On October 29, 1970, appellant, who had then been employed for over two years as a tax representative trainee, received a written notice of punitive action from the Department of Human Resources Development dismissing him effective 5 p.m. November 2, 1970. The notice recited the marijuana conviction as the basis of the discharge and stated: “5. Your position as Tax Representative Trainee requires a great amount of .public contact with a segment of the community made up primarily of employers. One of your functions in your position is to establish a rapport with these individuals based on a mutual feeling of respect.
“You are a representative of the Department and any actions which tend to discredit you personally in the eyes of those you come into contact with cannot help but bring discredit to the entire Department.
“The knowing commission of an illegal act without just cause shows a lack of respect for authority, particularly governmental authority. You cannot urge people to comply with Departmental rules and regulations while you yourself have shown a lack of desire to comply with governmental rules.”
In subsequent proceedings before a hearing officer of the State Personnel Board, a transcript of which is before this court, the hearing officer rendered a proposed decision sustaining the dismissal. The findings and decision of the hearing officer were adopted by the State Personnel Board.
Pursuant to Code of Civil Procedure section 1094.5, the appellant filed a petition in administrative mandamus in the superior court. No evidence was taken by the court. The cause was submitted upon the record before the State Personnel Board and arguments of counsel. The petition was denied without opinion on April 29, 1971, and the cause is before this court upon an appeal from the judgment denying the petition.
Our function in reviewing a decision of the State Personnel Board is defined in Blake v. State Personnel Board (1972) 25 Cal.App.3d 541, 551 [102 Cal.Rptr. 50]: “. . . ‘Respondent Board is a state-wide administrative agency deriving its adjudicating power from section 3 of article XXIV of the Constitution. Consequently, its factual determinations must be upheld by a reviewing court if they are supported by substantial evidence [citation] and all legitimate and reasonable inferences must be drawn in support of such findings [citations]. . . .’ ” (See Gee v. California State Personnel Bd. (1970) 5 Cal.App.3d 713, 717 [85 Cal.Rptr. 762].)
There was no evidence before the State Personnel Board other than *191appellant’s conviction of possession of marijuana. The hearing officer stated in his proposed decision: “The acts resulting in appellant’s criminal conviction and the conviction itself constitute failure of good behavior within the meaning of Government Code Section 19572 (t) and warrant the dismissal action taken by the Department.”

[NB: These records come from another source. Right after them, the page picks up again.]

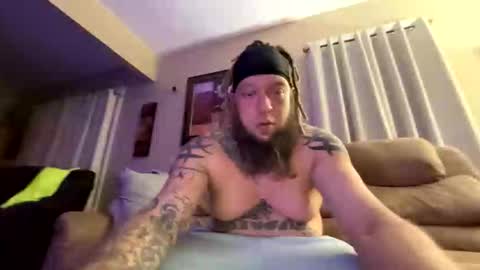 Snapshot of kuntryg83 chatting on 12-23-25, 10:24 kuntryg83 online show from 12-23-25, 10:24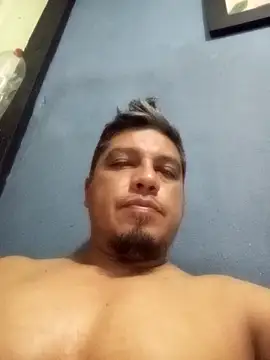 Snapshot of Vulckano43 chatting on March 11, 2025, 8:20 pm Vulckano43 online show from March 11, 2025, 8:20 pm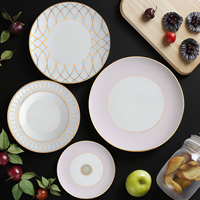 Assiettes de présentation roses avec bordure dorée, assiettes en porcelaine fine pour mariage, vente en gros en usine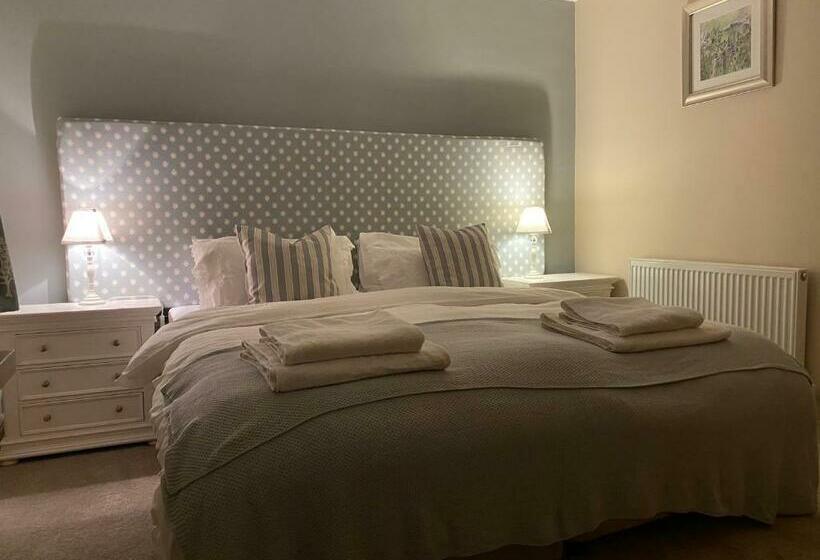 Стандартный Номер Кровать Кинг, The Gables Bed & Breakfast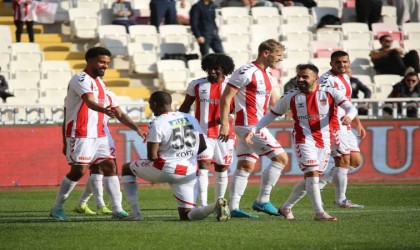 Trendyol Süper Lig: NG Sivasspor: 2 - Çaykur Rizespor: 1 (Maç sonucu)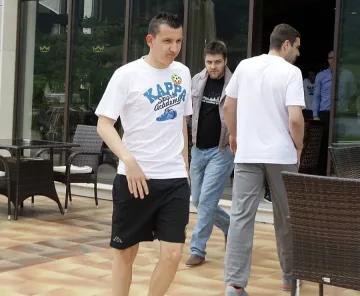 Неделев опериран успешно в Германия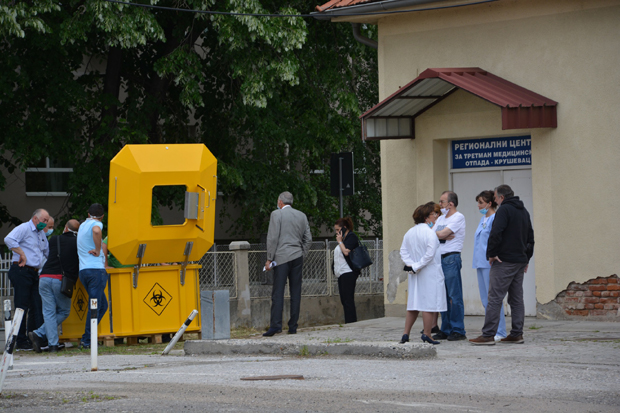 Модеран ТРЕТМАН МЕДИЦИНСКОГ ОТПАДА у Општој болници Крушевац: Годишње обраде 70 тона, сада стигао и нов контејнер (ФОТО/ВИДЕО)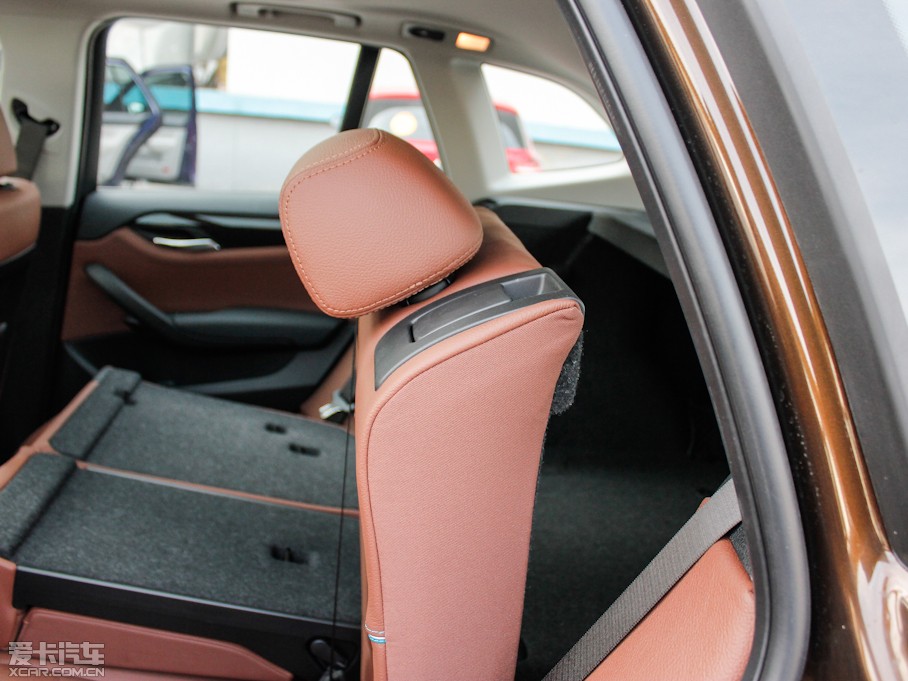 2013RX1 xDrive 20i XOӋb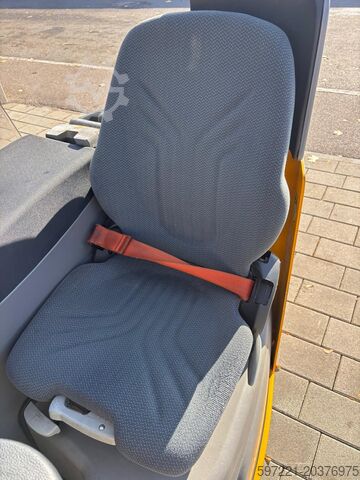 Schubmaststapler Jungheinrich ETV 214 830DZ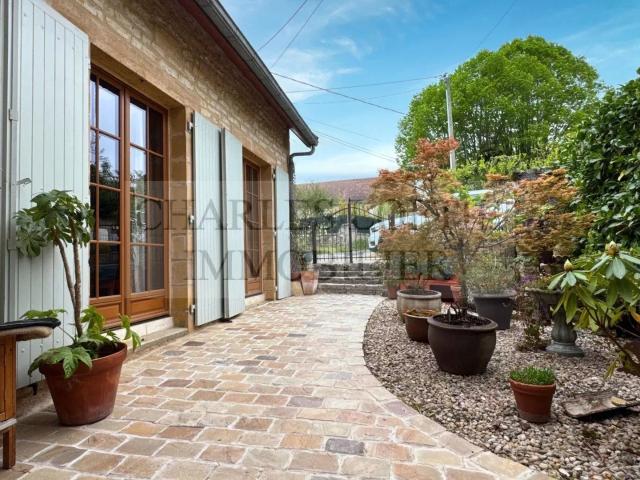Charmante maison en pierre de caractère sur terrain de 1600. 169m² Bouzic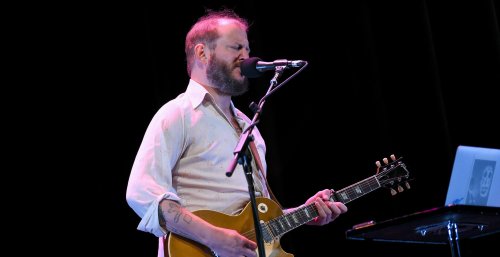 Bon Iver im Interview: „Die Einsamkeit wird um eine Zweisamkeit ergänzt“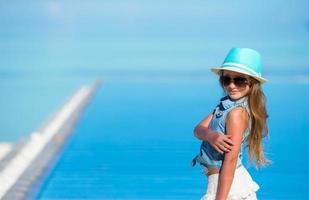 chica con sombrero en la playa foto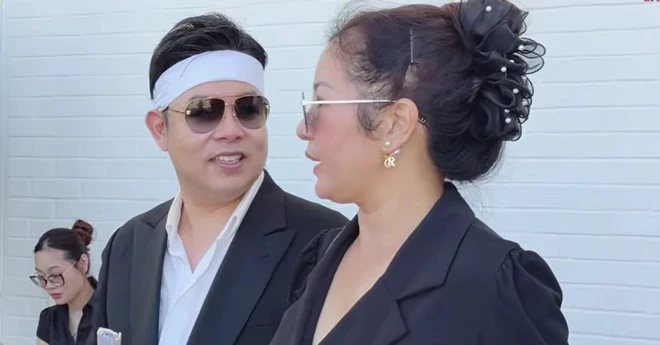 "Mẹ Quang Lê ra đi thanh thản, không đau đớn gì" "Mẹ Quang Lê ra đi thanh thản, không đau đớn gì"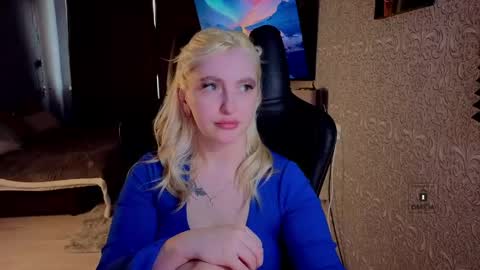 Snapshot of evavibe chatting on May 14, 11:39 am evavibe online show from May 14, 11:39 am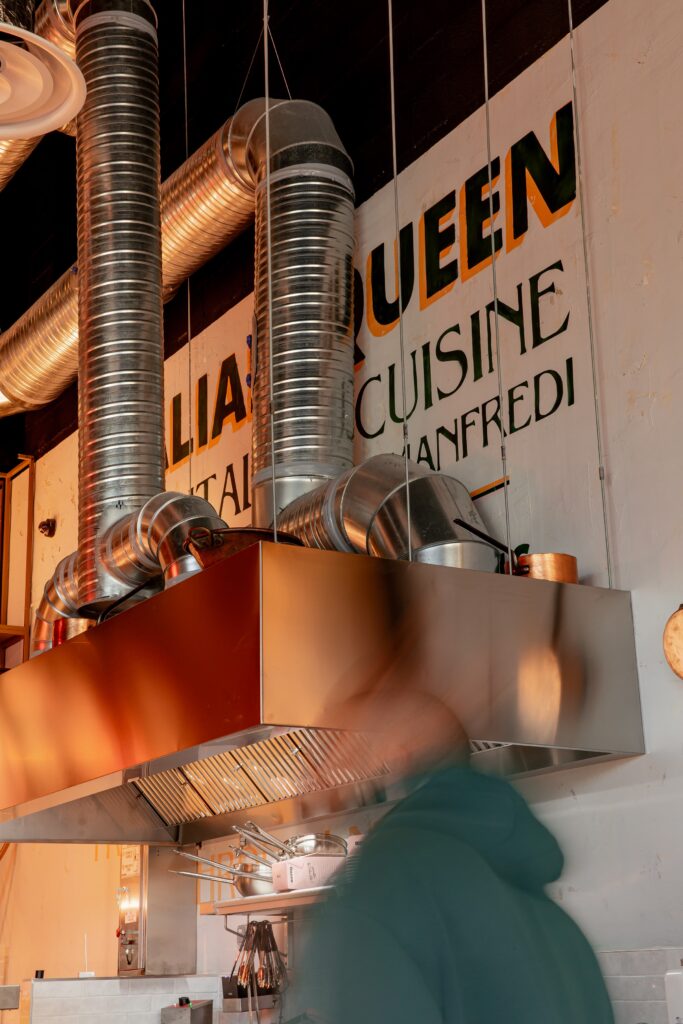 La cuisine et l'enseigne « Cucina Manfredi »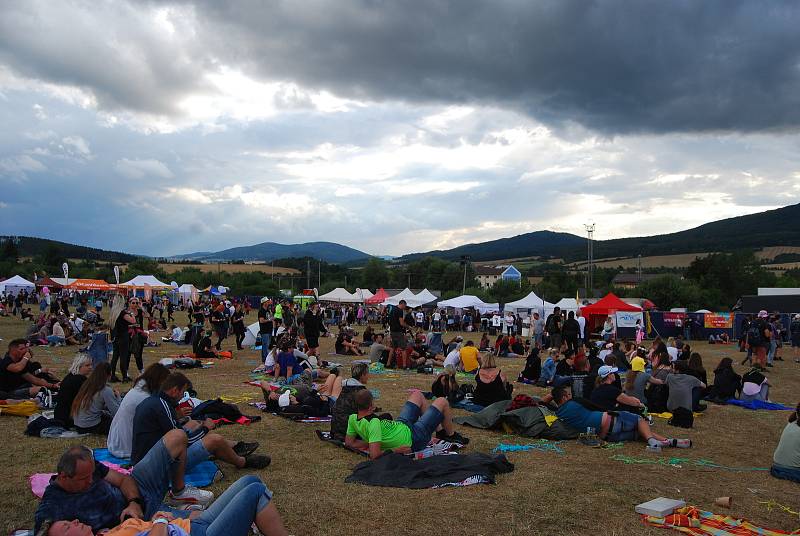 Sedmnáctý ročník letního kulturního festivalu Hrady CZ je v plném proudu.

Findings were not requested or made in the superior court (Code Civ. Proc., § 632, subd. 1). Findings having been waived, this court must infer in support of the judgment that the trial court found that the conduct referred to constituted failure of good behavior which was of such a nature that it caused discredit to appellant’s agency or department within the meaning of Government Code section 19572, subdivision (t), (see fn. 2) and that there was substantial evidence to support that finding. (Comings v. State Bd. of Education (1972) 23 Cal.App.3d 94, 98, fn. 4 [100 Cal.Rptr. 73]; 4 Witkin, Cal. Procedure (2d ed. 1971) Trial, § 310, p. 3118.) The core of the problem, therefore, is whether under precedent and in reason the conviction of possession of marijuana, standing alone, constitutes substantial evidence of a failure of good behavior outside duty hours which is of such a nature that it causes discredit to the agency or to appellant’s employment.
One of appellant’s contentions has been resolved against him by the Supreme Court in Nightingale v. State Personnel Board (1972) 7 Cal.3d 507 [102 Cal.Rptr. 758, 498 P.2d 1006] since the briefs were filed. Appellant argues that there must be substantial evidence presented to show that the public was aware of his alleged failure of -good behavior and that the public awareness caused actual discredit to the agency. In Nightingale, the court expressly held that the misbehavior under subdivision (t) does not have to be publicly known, resulting in actual discredit to the agency. (See pp. 513-514.)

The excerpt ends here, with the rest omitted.